Key growth area identified in burgeoning markets in inner cities and Sunshine Coast

‘Lifestyle Industrial’ might be the next big trend in property investment

News

By Mike Wood

One of Australia’s leading property advisory groups, Herron Todd White, has identified what it describes as ‘lifestyle industrial’ as a growth trend in residential property that is driving demand in our capital cities.

Lifestyle Industrial refers to the combination of industrial spaces with commercial and residential, with former heavy industrial premises living side-by-side with shops, bars and restaurants and dwellings.

“Lifestyle Industrial is a mix,” explains Chris McKillop, commercial director at Herron Todd White. “Industrial is changing: you’re going to still have heavy industrial uses, but Lifestyle Industrial is adding that retail focus.”

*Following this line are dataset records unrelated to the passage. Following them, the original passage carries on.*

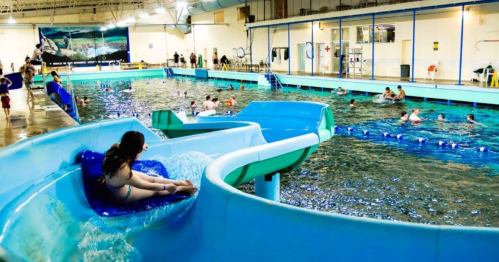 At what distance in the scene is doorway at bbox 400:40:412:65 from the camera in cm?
2174

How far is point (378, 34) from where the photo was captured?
2314 centimetres

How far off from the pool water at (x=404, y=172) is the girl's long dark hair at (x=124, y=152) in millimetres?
3405

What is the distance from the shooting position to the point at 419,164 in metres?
9.23

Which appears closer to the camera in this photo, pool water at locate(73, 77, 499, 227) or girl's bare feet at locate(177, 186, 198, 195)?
girl's bare feet at locate(177, 186, 198, 195)

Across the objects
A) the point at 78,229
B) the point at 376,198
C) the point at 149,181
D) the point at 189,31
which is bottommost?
the point at 376,198

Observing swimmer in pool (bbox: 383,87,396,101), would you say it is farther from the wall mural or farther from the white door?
the wall mural

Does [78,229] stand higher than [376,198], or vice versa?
[78,229]

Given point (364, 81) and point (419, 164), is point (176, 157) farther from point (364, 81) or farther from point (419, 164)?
point (364, 81)

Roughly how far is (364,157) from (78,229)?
693 cm

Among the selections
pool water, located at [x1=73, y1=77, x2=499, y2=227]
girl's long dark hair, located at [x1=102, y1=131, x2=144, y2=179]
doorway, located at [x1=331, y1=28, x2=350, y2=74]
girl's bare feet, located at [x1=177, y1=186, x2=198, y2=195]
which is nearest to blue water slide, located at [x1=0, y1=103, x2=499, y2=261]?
girl's bare feet, located at [x1=177, y1=186, x2=198, y2=195]

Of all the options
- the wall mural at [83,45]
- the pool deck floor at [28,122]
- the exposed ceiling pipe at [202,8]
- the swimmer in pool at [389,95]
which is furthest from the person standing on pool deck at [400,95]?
the wall mural at [83,45]

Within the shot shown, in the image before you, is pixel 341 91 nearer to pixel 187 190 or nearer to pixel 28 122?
pixel 28 122

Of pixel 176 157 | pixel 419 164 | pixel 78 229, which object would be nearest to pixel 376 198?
pixel 419 164

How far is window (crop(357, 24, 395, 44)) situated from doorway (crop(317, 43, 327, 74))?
3.10m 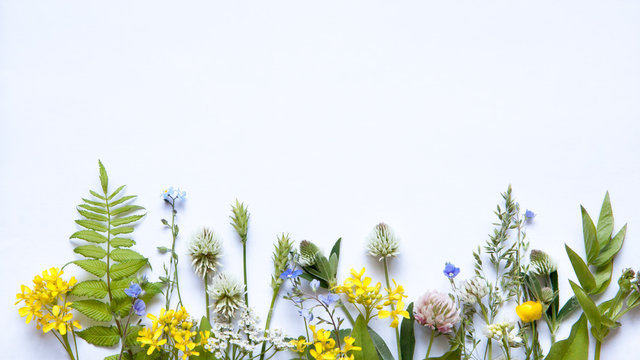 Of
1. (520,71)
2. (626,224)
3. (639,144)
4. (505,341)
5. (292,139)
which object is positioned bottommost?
(505,341)

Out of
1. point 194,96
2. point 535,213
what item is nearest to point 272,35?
point 194,96

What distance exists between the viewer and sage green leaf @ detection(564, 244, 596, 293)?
1.03m

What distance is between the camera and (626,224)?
1079 millimetres

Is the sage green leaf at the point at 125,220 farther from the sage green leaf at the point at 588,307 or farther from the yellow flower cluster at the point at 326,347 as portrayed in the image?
the sage green leaf at the point at 588,307

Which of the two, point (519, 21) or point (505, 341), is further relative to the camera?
point (519, 21)

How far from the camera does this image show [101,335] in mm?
1033

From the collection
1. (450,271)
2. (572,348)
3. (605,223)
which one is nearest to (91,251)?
(450,271)

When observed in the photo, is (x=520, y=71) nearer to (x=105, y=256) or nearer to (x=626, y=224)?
(x=626, y=224)

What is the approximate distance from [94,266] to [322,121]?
0.66m

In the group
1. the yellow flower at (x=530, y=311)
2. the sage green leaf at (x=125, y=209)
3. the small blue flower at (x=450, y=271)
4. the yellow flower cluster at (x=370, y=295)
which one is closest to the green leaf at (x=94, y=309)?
the sage green leaf at (x=125, y=209)

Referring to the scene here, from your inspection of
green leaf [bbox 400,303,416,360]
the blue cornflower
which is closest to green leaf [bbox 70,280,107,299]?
the blue cornflower

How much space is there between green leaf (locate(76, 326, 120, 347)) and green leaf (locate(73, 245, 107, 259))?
0.17m

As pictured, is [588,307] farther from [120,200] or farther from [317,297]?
[120,200]

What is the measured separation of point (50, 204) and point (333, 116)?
76 centimetres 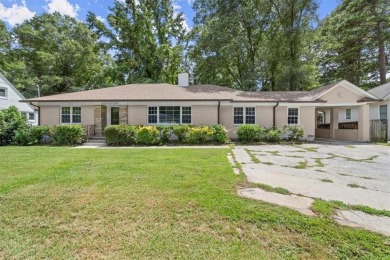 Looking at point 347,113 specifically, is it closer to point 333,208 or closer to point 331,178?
point 331,178

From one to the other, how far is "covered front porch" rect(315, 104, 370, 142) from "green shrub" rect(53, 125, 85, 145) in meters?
17.4

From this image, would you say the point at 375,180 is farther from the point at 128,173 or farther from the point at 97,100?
the point at 97,100

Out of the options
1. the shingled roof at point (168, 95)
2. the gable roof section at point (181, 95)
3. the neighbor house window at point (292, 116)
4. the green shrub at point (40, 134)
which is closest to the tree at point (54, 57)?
the shingled roof at point (168, 95)

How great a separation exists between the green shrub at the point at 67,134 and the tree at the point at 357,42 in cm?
2405

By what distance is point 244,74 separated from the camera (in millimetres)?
23703

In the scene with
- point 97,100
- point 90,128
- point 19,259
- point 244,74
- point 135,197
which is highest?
point 244,74

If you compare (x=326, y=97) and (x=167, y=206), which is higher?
(x=326, y=97)

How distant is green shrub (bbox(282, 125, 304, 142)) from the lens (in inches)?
548

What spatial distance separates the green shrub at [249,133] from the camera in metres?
13.3

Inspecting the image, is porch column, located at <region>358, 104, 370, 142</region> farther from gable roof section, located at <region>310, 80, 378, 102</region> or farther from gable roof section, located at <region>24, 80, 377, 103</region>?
gable roof section, located at <region>24, 80, 377, 103</region>

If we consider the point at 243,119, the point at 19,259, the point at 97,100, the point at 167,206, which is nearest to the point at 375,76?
the point at 243,119

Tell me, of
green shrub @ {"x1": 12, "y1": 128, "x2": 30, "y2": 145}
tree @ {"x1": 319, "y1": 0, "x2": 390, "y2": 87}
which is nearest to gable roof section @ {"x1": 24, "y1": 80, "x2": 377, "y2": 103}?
green shrub @ {"x1": 12, "y1": 128, "x2": 30, "y2": 145}

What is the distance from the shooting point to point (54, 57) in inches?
1129

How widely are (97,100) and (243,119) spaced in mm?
9755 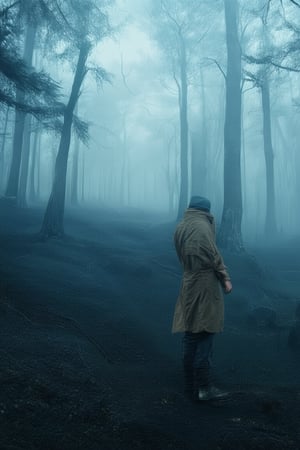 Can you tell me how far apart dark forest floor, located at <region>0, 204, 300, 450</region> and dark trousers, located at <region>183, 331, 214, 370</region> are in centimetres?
43

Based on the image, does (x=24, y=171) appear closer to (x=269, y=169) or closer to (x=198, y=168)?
(x=198, y=168)

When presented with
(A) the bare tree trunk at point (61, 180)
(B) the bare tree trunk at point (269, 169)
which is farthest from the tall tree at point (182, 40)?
(A) the bare tree trunk at point (61, 180)

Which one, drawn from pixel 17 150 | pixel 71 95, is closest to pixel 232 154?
pixel 71 95

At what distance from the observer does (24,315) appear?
5727mm

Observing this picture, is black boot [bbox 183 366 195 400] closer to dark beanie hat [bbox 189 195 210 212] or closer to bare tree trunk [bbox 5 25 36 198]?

“You’re getting tenants in older industrial areas that have been surrounded by residential development in the last 20 or 30 years, so you’re getting uses like breweries, restaurants, barbers and florists.”

“As part of that, some savvy developers are seeing the opportunity to latch on and have the old caretaker’s units which were not always great, but given the changes of uses and the addition of amenities, they’re being viewed more favourably.”

Moffat Beach on the Sunshine Coast in Queensland is cited by Herron Todd White as an example of this trend, but it is present in many other areas.

“Look at the old Woolhouse precinct in Brisbane,” said McKillop. “It just got completely gentrified into a residential area, whereas these are still operating industrial estates but have more amenities in them. Stockland and the new Aura estate are changing their uses in the new staging to allow for a gym, a vet and all these types of uses to go in there.”

“In the larger cities, you’re seeing changing uses of old office buildings well. Fringe locations where office vacancies started to creep up, people are rethinking the use of buildings. They’re looking to change the use in those fringe areas of cities.”

“We’re seeing it in the Sunshine Coast market. There’s a change of traditional industrial property - which is still operating, it’s not taking warehouses and making them residential – from, say, steel fabrication to a florist.”

“It then makes people look at building, still under industrial use code, your typical structure but with more architectural flourish, and adding in caretaker’s units above."

“At Moffat Beach, for example, on the Sunshine Coast,  they’re purchasing a 100sqm industrial warehouse and a 100sqm two bedroom, one bathroom unit above for $700,000. And that’s in an area where it costs $1m to buy a house.”